**Problem statement**
Beginning at the line that holds "Aurora Peluche Lana (8'' - Branco - 1 Ano)", restate each line exactly through the final line of the records. Include both of those lines.

--- Source records ---

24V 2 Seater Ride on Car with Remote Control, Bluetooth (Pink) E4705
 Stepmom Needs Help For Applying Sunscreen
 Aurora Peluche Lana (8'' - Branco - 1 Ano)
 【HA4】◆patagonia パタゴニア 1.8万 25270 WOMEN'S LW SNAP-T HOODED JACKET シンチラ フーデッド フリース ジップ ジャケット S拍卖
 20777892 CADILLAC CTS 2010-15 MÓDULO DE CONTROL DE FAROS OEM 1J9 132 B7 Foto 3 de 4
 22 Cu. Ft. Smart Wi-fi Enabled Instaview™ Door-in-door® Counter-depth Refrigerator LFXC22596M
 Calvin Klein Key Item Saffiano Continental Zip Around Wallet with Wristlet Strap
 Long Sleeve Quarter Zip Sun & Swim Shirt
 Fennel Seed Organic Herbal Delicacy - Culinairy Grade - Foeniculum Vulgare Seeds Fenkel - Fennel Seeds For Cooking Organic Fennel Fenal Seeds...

---

**Output of the exercise**
 Aurora Peluche Lana (8'' - Branco - 1 Ano)
 【HA4】◆patagonia パタゴニア 1.8万 25270 WOMEN'S LW SNAP-T HOODED JACKET シンチラ フーデッド フリース ジップ ジャケット S拍卖
 20777892 CADILLAC CTS 2010-15 MÓDULO DE CONTROL DE FAROS OEM 1J9 132 B7 Foto 3 de 4
 22 Cu. Ft. Smart Wi-fi Enabled Instaview™ Door-in-door® Counter-depth Refrigerator LFXC22596M
 Calvin Klein Key Item Saffiano Continental Zip Around Wallet with Wristlet Strap
 Long Sleeve Quarter Zip Sun & Swim Shirt
 Fennel Seed Organic Herbal Delicacy - Culinairy Grade - Foeniculum Vulgare Seeds Fenkel - Fennel Seeds For Cooking Organic Fennel Fenal Seeds...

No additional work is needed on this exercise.